[Short text fragments from websites]
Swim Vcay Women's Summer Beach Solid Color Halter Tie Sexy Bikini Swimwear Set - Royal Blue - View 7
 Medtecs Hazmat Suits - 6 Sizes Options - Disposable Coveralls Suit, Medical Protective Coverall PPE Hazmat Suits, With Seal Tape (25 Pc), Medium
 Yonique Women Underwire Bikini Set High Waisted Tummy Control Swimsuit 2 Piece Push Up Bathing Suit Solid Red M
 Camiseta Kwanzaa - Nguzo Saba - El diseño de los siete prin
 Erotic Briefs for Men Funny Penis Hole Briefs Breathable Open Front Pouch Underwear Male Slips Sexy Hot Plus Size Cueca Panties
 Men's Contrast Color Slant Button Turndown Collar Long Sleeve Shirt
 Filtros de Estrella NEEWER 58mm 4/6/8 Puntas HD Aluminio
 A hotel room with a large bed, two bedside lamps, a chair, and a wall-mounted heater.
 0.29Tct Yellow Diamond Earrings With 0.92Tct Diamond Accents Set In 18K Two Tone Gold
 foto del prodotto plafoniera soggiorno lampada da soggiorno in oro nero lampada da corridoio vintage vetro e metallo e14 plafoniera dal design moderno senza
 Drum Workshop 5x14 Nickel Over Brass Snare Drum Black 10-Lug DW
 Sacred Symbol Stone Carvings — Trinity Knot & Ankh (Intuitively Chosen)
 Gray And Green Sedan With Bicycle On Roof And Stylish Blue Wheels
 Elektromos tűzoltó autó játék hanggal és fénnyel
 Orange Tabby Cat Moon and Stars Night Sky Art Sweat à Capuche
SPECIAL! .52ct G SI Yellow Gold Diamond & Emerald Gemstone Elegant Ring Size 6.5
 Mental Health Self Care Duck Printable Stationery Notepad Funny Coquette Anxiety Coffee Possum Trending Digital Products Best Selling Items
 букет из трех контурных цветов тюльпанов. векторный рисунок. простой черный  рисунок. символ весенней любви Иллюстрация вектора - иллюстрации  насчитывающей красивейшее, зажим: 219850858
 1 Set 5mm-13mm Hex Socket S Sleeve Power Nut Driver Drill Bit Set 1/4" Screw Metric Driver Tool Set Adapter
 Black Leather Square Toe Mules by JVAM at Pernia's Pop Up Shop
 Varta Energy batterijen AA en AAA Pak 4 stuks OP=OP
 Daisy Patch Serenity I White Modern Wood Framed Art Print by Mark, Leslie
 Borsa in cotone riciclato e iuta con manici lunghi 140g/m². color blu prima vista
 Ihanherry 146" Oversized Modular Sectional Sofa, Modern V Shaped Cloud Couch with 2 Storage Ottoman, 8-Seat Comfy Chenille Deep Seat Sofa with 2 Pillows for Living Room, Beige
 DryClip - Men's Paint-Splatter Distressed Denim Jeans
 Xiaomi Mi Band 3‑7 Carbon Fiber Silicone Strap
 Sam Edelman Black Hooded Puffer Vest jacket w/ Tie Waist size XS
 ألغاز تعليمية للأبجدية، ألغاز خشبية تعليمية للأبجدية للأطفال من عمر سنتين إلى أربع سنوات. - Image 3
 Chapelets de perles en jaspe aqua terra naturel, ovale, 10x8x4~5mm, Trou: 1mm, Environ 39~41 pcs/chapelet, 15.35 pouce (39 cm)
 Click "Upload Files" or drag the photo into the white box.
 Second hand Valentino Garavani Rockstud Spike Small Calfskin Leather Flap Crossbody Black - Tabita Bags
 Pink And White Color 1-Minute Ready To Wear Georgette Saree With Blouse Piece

**Prompt:** Output the records exactly, so that each line matches what was given.

**Response area:**
Swim Vcay Women's Summer Beach Solid Color Halter Tie Sexy Bikini Swimwear Set - Royal Blue - View 7
 Medtecs Hazmat Suits - 6 Sizes Options - Disposable Coveralls Suit, Medical Protective Coverall PPE Hazmat Suits, With Seal Tape (25 Pc), Medium
 Yonique Women Underwire Bikini Set High Waisted Tummy Control Swimsuit 2 Piece Push Up Bathing Suit Solid Red M
 Camiseta Kwanzaa - Nguzo Saba - El diseño de los siete prin
 Erotic Briefs for Men Funny Penis Hole Briefs Breathable Open Front Pouch Underwear Male Slips Sexy Hot Plus Size Cueca Panties
 Men's Contrast Color Slant Button Turndown Collar Long Sleeve Shirt
 Filtros de Estrella NEEWER 58mm 4/6/8 Puntas HD Aluminio
 A hotel room with a large bed, two bedside lamps, a chair, and a wall-mounted heater.
 0.29Tct Yellow Diamond Earrings With 0.92Tct Diamond Accents Set In 18K Two Tone Gold
 foto del prodotto plafoniera soggiorno lampada da soggiorno in oro nero lampada da corridoio vintage vetro e metallo e14 plafoniera dal design moderno senza
 Drum Workshop 5x14 Nickel Over Brass Snare Drum Black 10-Lug DW
 Sacred Symbol Stone Carvings — Trinity Knot & Ankh (Intuitively Chosen)
 Gray And Green Sedan With Bicycle On Roof And Stylish Blue Wheels
 Elektromos tűzoltó autó játék hanggal és fénnyel
 Orange Tabby Cat Moon and Stars Night Sky Art Sweat à Capuche
SPECIAL! .52ct G SI Yellow Gold Diamond & Emerald Gemstone Elegant Ring Size 6.5
 Mental Health Self Care Duck Printable Stationery Notepad Funny Coquette Anxiety Coffee Possum Trending Digital Products Best Selling Items
 букет из трех контурных цветов тюльпанов. векторный рисунок. простой черный  рисунок. символ весенней любви Иллюстрация вектора - иллюстрации  насчитывающей красивейшее, зажим: 219850858
 1 Set 5mm-13mm Hex Socket S Sleeve Power Nut Driver Drill Bit Set 1/4" Screw Metric Driver Tool Set Adapter
 Black Leather Square Toe Mules by JVAM at Pernia's Pop Up Shop
 Varta Energy batterijen AA en AAA Pak 4 stuks OP=OP
 Daisy Patch Serenity I White Modern Wood Framed Art Print by Mark, Leslie
 Borsa in cotone riciclato e iuta con manici lunghi 140g/m². color blu prima vista
 Ihanherry 146" Oversized Modular Sectional Sofa, Modern V Shaped Cloud Couch with 2 Storage Ottoman, 8-Seat Comfy Chenille Deep Seat Sofa with 2 Pillows for Living Room, Beige
 DryClip - Men's Paint-Splatter Distressed Denim Jeans
 Xiaomi Mi Band 3‑7 Carbon Fiber Silicone Strap
 Sam Edelman Black Hooded Puffer Vest jacket w/ Tie Waist size XS
 ألغاز تعليمية للأبجدية، ألغاز خشبية تعليمية للأبجدية للأطفال من عمر سنتين إلى أربع سنوات. - Image 3
 Chapelets de perles en jaspe aqua terra naturel, ovale, 10x8x4~5mm, Trou: 1mm, Environ 39~41 pcs/chapelet, 15.35 pouce (39 cm)
 Click "Upload Files" or drag the photo into the white box.
 Second hand Valentino Garavani Rockstud Spike Small Calfskin Leather Flap Crossbody Black - Tabita Bags
 Pink And White Color 1-Minute Ready To Wear Georgette Saree With Blouse Piece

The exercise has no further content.